How we rank.
Our rankings aren't a consumer survey and they aren't a reputation poll. They're a weighted composite of outcome data, research impact, selectivity, and cost-to-earnings ratio. Full formula below.
The four inputs
Every program receives a score from 0–100 on four independently-measured dimensions. We weight them 35 / 25 / 20 / 20 respectively.
1. Graduate outcomes — 35%
Median first-year salary for graduates of the AI track, weighted by placement rate (percentage of cohort employed in AI or ML roles within six months). Source: the program's published career report or, when unavailable, the most recent IPEDS outcome filing.

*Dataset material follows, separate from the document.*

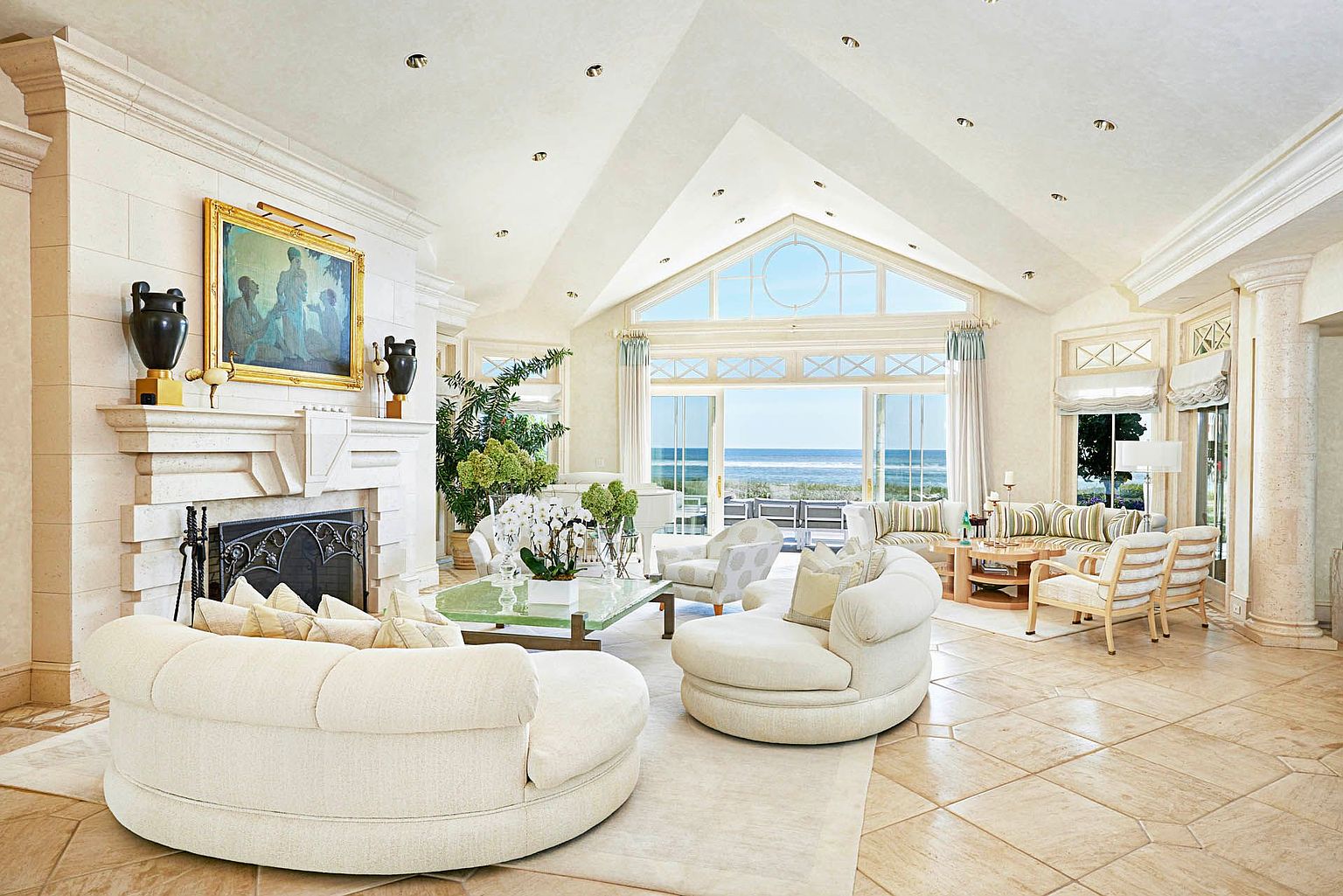 This is a luxurious living room featuring a high vaulted ceiling with recessed lighting and a large window overlooking the ocean. The room is furnished with two round white sofas, a glass coffee table, and several armchairs. A stone fireplace with decorative urns adds a touch of elegance, and the overall style is bright, airy, and sophisticated.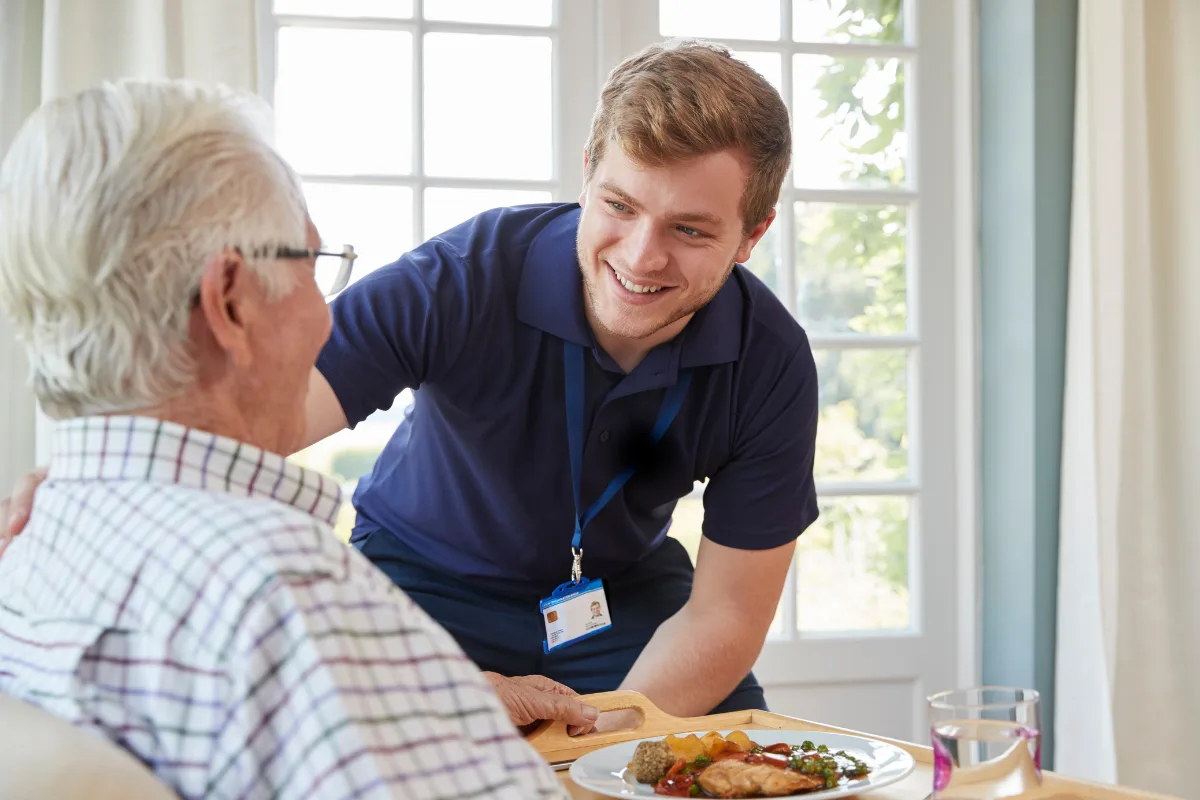 An All Care caregiver sharing a warm moment with a senior client at home in the Bronx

2. Faculty research impact — 25%
Publication count from core AI track faculty at top-tier venues in the last five years (NeurIPS, ICML, ICLR, CVPR, ACL, EMNLP). Normalized by faculty headcount so small programs aren't penalized.
3. Admit selectivity — 20%
Acceptance rate, with undergraduate GPA and standardized test score context. We intentionally cap this dimension's contribution so a program can't rank well on selectivity alone.
4. Cost-to-earnings ratio — 20%
Total program cost (tuition plus mandatory fees, adjusted for average financial aid) divided by median first-year salary. Rewards programs that deliver good outcomes without extreme cost.
Eligibility
Programs must be regionally accredited in the United States, have graduated at least two cohorts from their AI track, and publish enough outcome data that we can score them without fabrication. ~40 programs currently meet the bar.
What we don't use
Peer reputation surveys (subjective), alumni donations (irrelevant to students), US News rank (circular), or any data supplied directly by admissions offices that isn't independently verifiable.
When the ranking updates
Annually, every March, after employment outcome data from the prior graduating cohort is released. Mid-year we correct individual program data but don't re-rank.